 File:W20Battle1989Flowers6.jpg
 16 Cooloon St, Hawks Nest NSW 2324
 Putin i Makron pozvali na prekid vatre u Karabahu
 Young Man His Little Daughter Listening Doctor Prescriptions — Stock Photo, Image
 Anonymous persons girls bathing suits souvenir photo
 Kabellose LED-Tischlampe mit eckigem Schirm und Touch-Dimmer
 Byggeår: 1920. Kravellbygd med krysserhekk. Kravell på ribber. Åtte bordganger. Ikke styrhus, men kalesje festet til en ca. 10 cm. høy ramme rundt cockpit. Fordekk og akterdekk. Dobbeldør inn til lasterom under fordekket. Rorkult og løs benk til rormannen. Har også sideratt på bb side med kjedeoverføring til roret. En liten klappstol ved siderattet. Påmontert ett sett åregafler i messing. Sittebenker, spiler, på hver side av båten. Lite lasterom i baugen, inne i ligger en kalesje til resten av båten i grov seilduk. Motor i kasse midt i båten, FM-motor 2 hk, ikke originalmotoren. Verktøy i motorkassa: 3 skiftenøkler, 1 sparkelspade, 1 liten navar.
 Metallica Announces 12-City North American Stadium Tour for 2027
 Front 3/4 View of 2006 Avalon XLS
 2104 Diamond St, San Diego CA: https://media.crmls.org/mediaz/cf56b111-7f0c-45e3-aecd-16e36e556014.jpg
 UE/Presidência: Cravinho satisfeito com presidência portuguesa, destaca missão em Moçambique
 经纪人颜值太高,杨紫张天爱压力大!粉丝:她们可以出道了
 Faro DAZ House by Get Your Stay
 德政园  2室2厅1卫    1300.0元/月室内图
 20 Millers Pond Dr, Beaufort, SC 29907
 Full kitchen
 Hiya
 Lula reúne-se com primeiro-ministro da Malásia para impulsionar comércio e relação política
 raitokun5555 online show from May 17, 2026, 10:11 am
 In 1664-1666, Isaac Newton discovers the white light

*Instructions for the task*.
Nothing is to be left out; every record above must be repeated exactly.

*Solution to this task*.
 File:W20Battle1989Flowers6.jpg
 16 Cooloon St, Hawks Nest NSW 2324
 Putin i Makron pozvali na prekid vatre u Karabahu
 Young Man His Little Daughter Listening Doctor Prescriptions — Stock Photo, Image
 Anonymous persons girls bathing suits souvenir photo
 Kabellose LED-Tischlampe mit eckigem Schirm und Touch-Dimmer
 Byggeår: 1920. Kravellbygd med krysserhekk. Kravell på ribber. Åtte bordganger. Ikke styrhus, men kalesje festet til en ca. 10 cm. høy ramme rundt cockpit. Fordekk og akterdekk. Dobbeldør inn til lasterom under fordekket. Rorkult og løs benk til rormannen. Har også sideratt på bb side med kjedeoverføring til roret. En liten klappstol ved siderattet. Påmontert ett sett åregafler i messing. Sittebenker, spiler, på hver side av båten. Lite lasterom i baugen, inne i ligger en kalesje til resten av båten i grov seilduk. Motor i kasse midt i båten, FM-motor 2 hk, ikke originalmotoren. Verktøy i motorkassa: 3 skiftenøkler, 1 sparkelspade, 1 liten navar.
 Metallica Announces 12-City North American Stadium Tour for 2027
 Front 3/4 View of 2006 Avalon XLS
 2104 Diamond St, San Diego CA: https://media.crmls.org/mediaz/cf56b111-7f0c-45e3-aecd-16e36e556014.jpg
 UE/Presidência: Cravinho satisfeito com presidência portuguesa, destaca missão em Moçambique
 经纪人颜值太高,杨紫张天爱压力大!粉丝:她们可以出道了
 Faro DAZ House by Get Your Stay
 德政园  2室2厅1卫    1300.0元/月室内图
 20 Millers Pond Dr, Beaufort, SC 29907
 Full kitchen
 Hiya
 Lula reúne-se com primeiro-ministro da Malásia para impulsionar comércio e relação política
 raitokun5555 online show from May 17, 2026, 10:11 am
 In 1664-1666, Isaac Newton discovers the white light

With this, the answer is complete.